A man reacts with surprise as hundred-dollar bills pop out of his laptop screen.

Image source: Getty Images.

Get to know Naspers

Tencent's largest investor is South African venture capital firm Naspers (NPSNY -2.34%), which owns 31% of the Chinese giant thanks to its savvy 2001 investment when Tencent was a small web start-up. That $32 million investment is now worth roughly $140 billion..

What's interesting is that Naspers' entire stock actually trades at a sizable discount to the value of its Tencent holdings, despite also being invested in many other global internet, e-commerce, and media start-ups. Naspers' current market cap sits at a surprisingly large 30% discount to just its Tencent stake, with all its other investments thrown in on top, so there is a substantial opportunity here.

The reason for the gap is that Naspers has grown -- mostly thanks to Tencent's precipitous rise -- to represent a huge 25% of the South African stock market. As such, many portfolio managers have to sell Naspers shares due to allocation constraints.

However, Naspers just made a big move that could change the game.

Listing on Euronext

Naspers has decided to separate its South African assets from the rest of its global internet assets, which includes Tencent. The global internet assets will reside in a new company, temporarily referred to as "NewCo," traded on Amsterdam's Euronext exchange. Naspers will retain a 75% stake in NewCo, with another 25% of the shares free-floating and traded independently on Euronext. Currently, the plan is for existing Naspers shareholders to receive shares of NewCo. A response to an email I sent to Naspers investor relations did not specify how that would be distributed to Naspers' ADR holders (in NewCo shares or NewCo ADRs), as those details have apparently not yet been finalized. 

NewCo will be one of the largest tech companies listed in Europe, with a valuation that could be close to that of Europe's largest tech company, SAP, which has a market capitalization of about 120 billion euros.Naspers could have chosen a U.S. exchange, but the company said since many of its employees are based in Amsterdam, it made sense to go with Euronext.

In addition to the new listing, Naspers has already taken some measures to limit its size in its home country. The company recently completed a spinoff of its South African satellite TV business called Multichoice Group.

These spinoffs and asset sales could help shrink the size of Naspers' South African-listed shares, and therefore allow more portfolio managers to own the stock.

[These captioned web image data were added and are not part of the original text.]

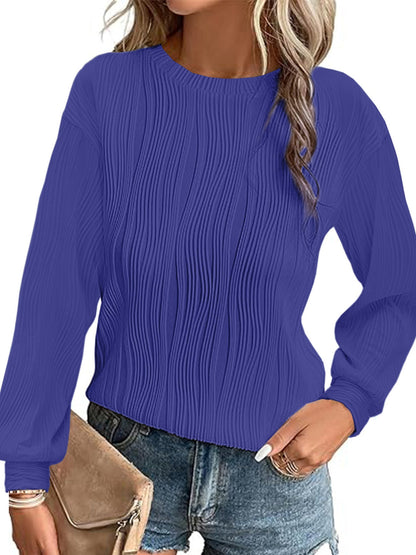 Women's Pleated Long-Sleeved Elegant Sweater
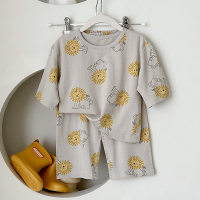 Children's home clothes set nine-point sleeve parent-child wear pajamas pajamas air-conditioning clothes  Multicolor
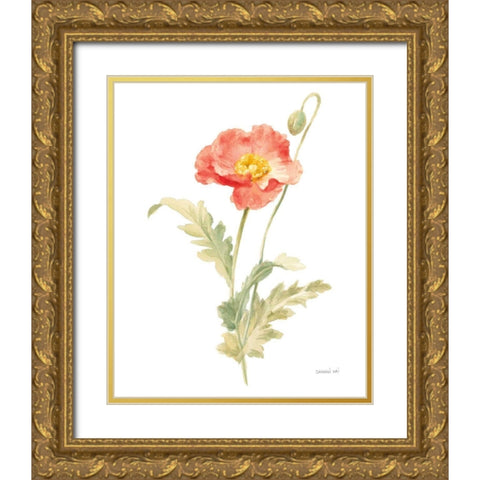 Floursack Florals on White IV Gold Ornate Wood Framed Art Print with Double Matting by Nai, Danhui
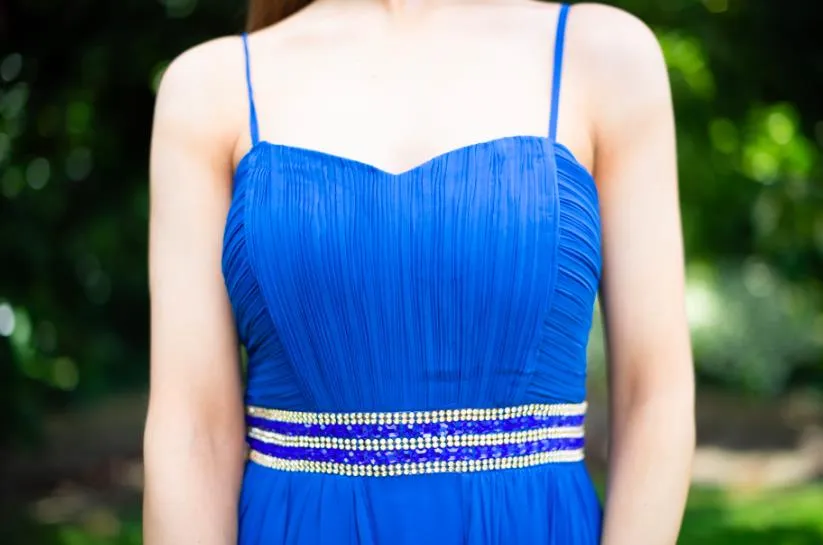 Sweetheart Neckline Embellished Waist Band Gown- Royal Blue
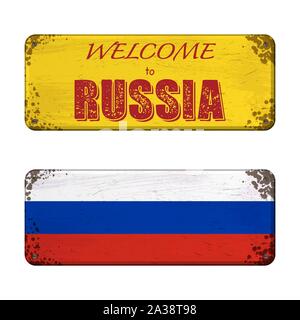 Two grunge nameplates with Russia flag and welcome text Stock Vector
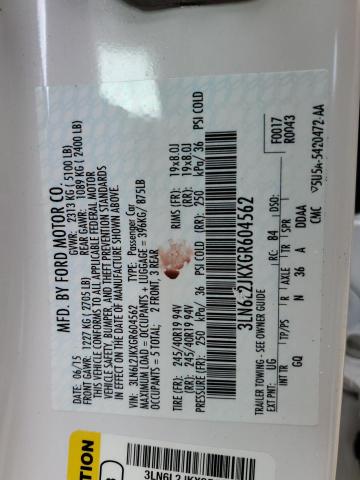 3LN6L2JKXGR604562 - 2016 LINCOLN MKZ WHITE photo 12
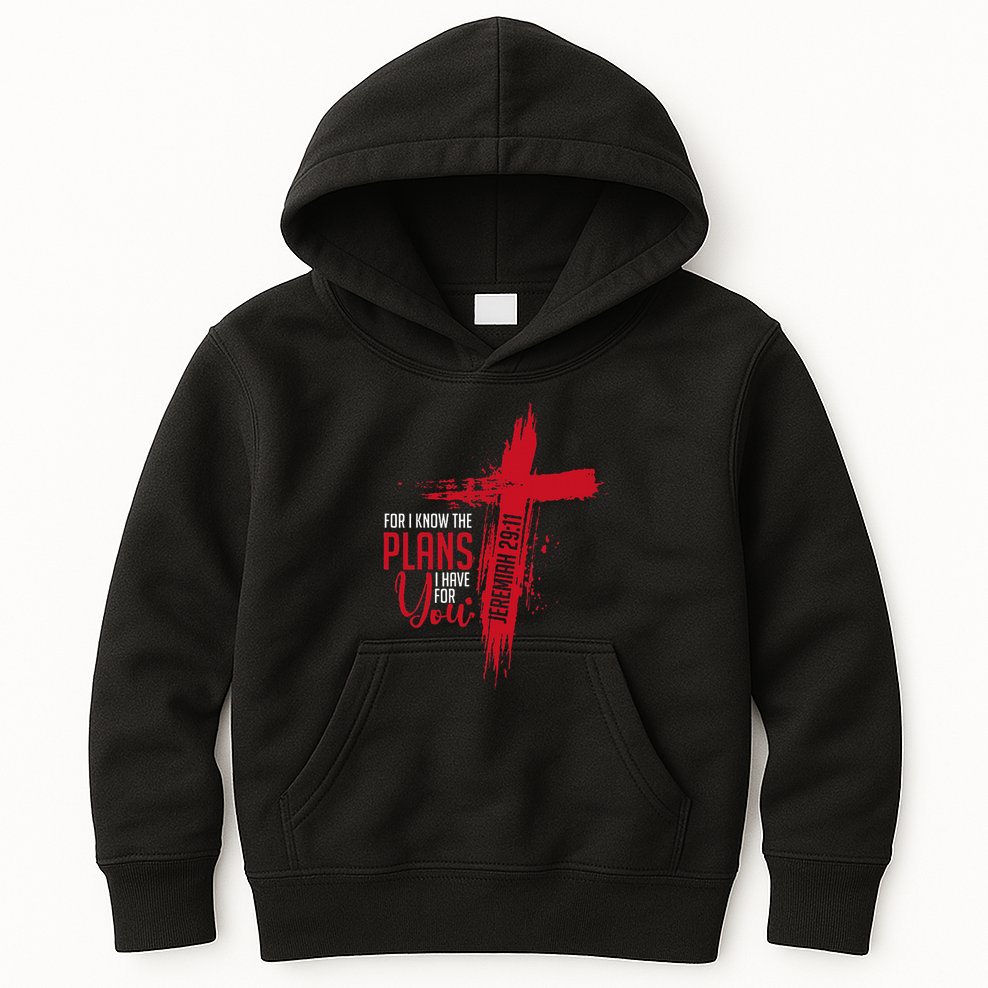 Jeremiah 2911 Christian Religious Bible Verse Cross Kids Hoodie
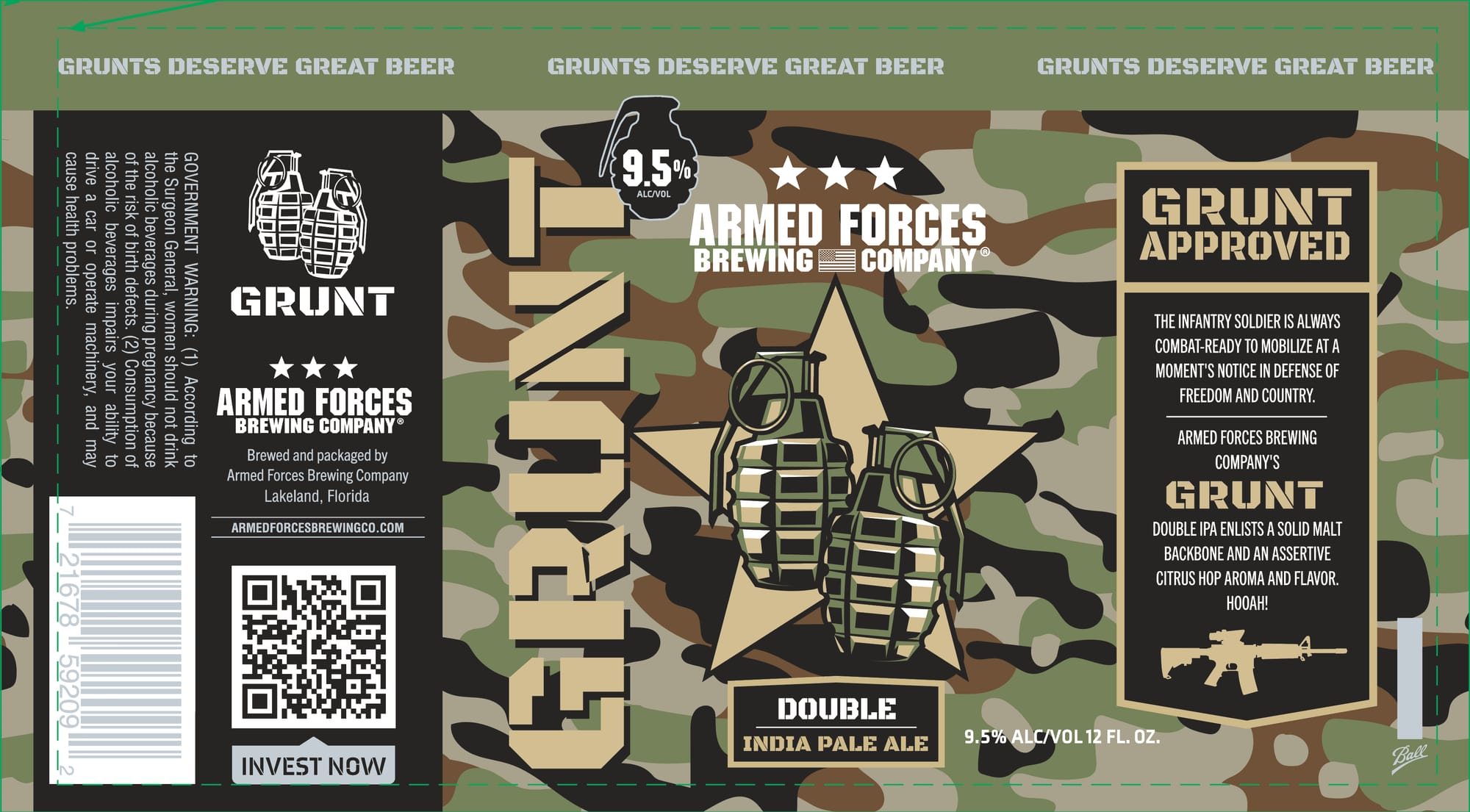 Grunt by Armed Forces Brewing Company - beer label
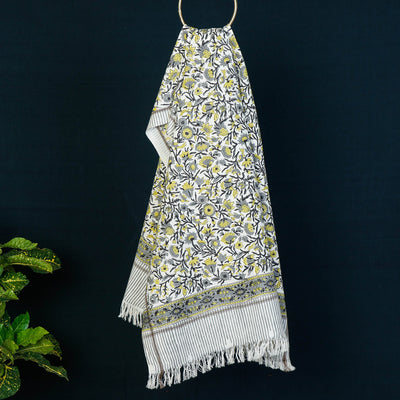 Special Sanganeri Hand Block Printed Jhiri Handloom Cotton Towel
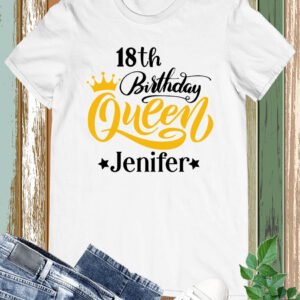 18th Birthday Queen T Shirt With Custom Name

In addition to its stake in Tencent, NewCo's other notable holdings include Russian social media platform, Indian e-commerce start-up Swiggy, German food delivery app Delivery Hero, and Indian travel website MakeMyTrip. These companies are relatively tiny compared to Tencent, but as they are high-growth start-ups, that could change in the years ahead. 

Tencent at a discount

As part of the issuance, an exact date has not been given, current Naspers shareholders will have the choice of receiving either NewCo shares or more shares of Naspers, up to certain limits, according to the company press release. I would probably take the NewCo shares, as Naspers will still make up a large portion of the Johannesburg Stock Exchange even after the spinoff. So, I think NewCo shares would probably rerate more quickly than the Naspers shares, which may still run up against resistance on the JSE, due to its size.  However, there are still some details to be worked out, so Naspers shareholders should monitor the mechanics behind the new share issuance.   

The rerating of Naspers to full value may therefore take some time, or may not happen, due to the vagaries of operating in different exchanges and currencies. However, I recently traded my Tencent stake for Naspers on the news.

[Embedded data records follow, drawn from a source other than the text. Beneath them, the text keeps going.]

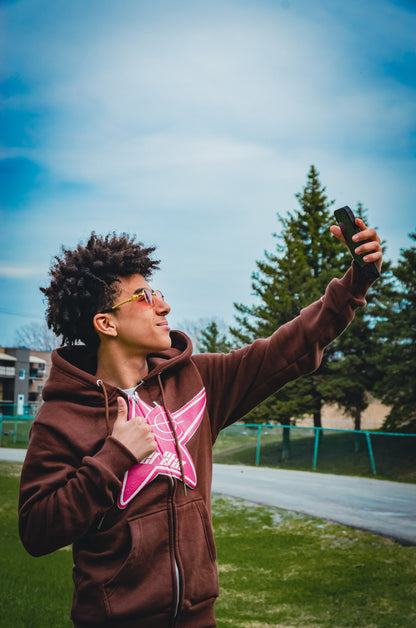 Brown & Pink zip up hoodie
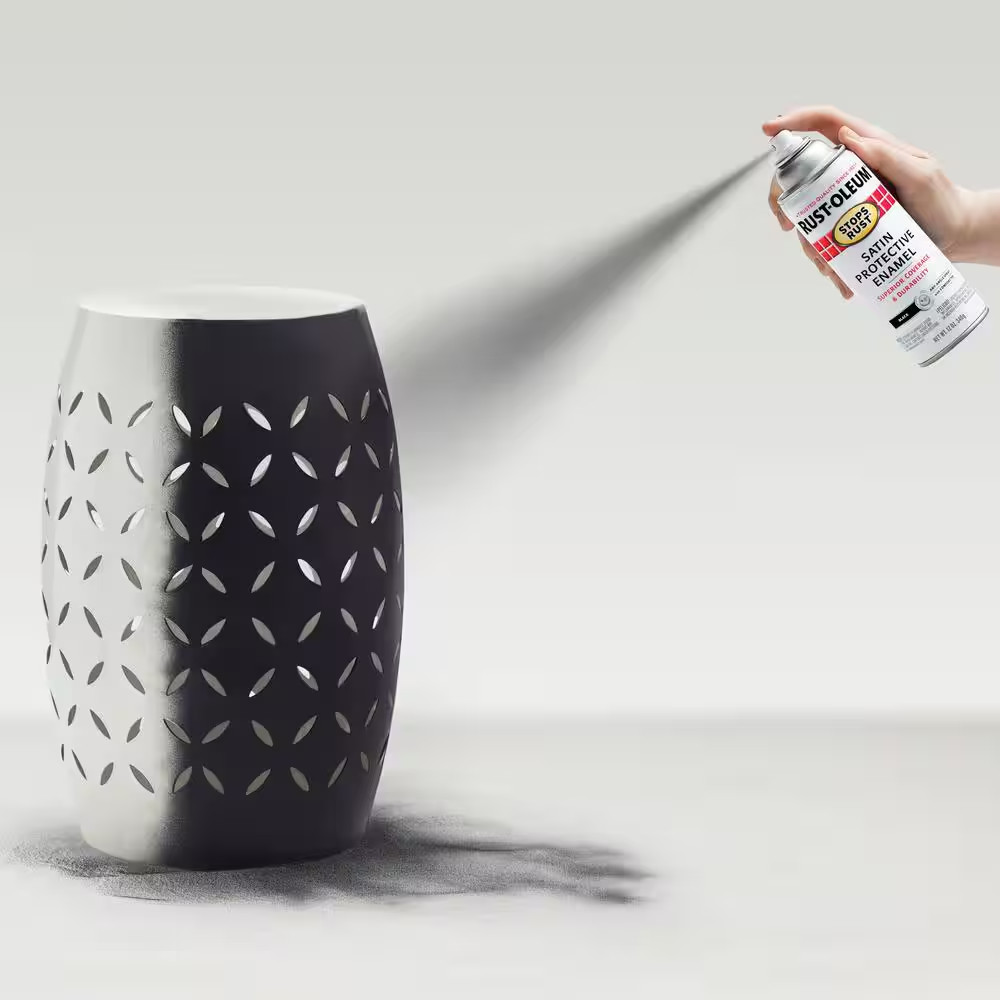 12 Oz. Protective Enamel Satin Black Spray Paint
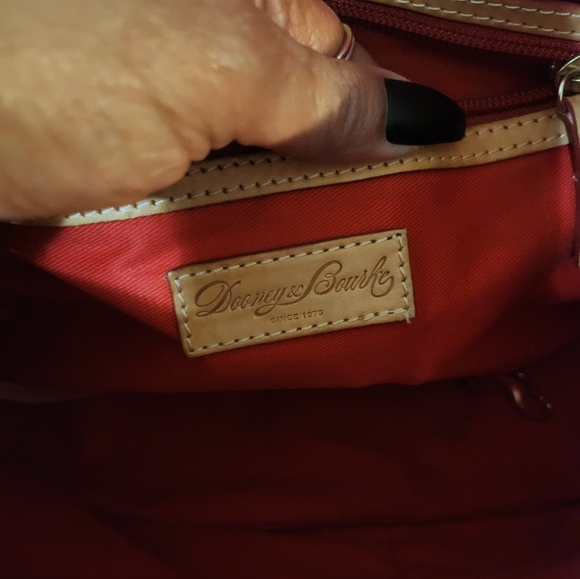 Dooney & Bourke Red and Tan Satchel with Scarf GUC - Picture 4 of 15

Naspers has shown itself to be a savvier international investor than I could probably be, and investors are now not only getting Naspers' Tencent stake at a discount, but several promising other investments on top of that at no extra cost. Now that management has made a clear effort to try to close the sizable valuation gap with its Tencent holdings, I've recently come on board with this "Tencent alternative."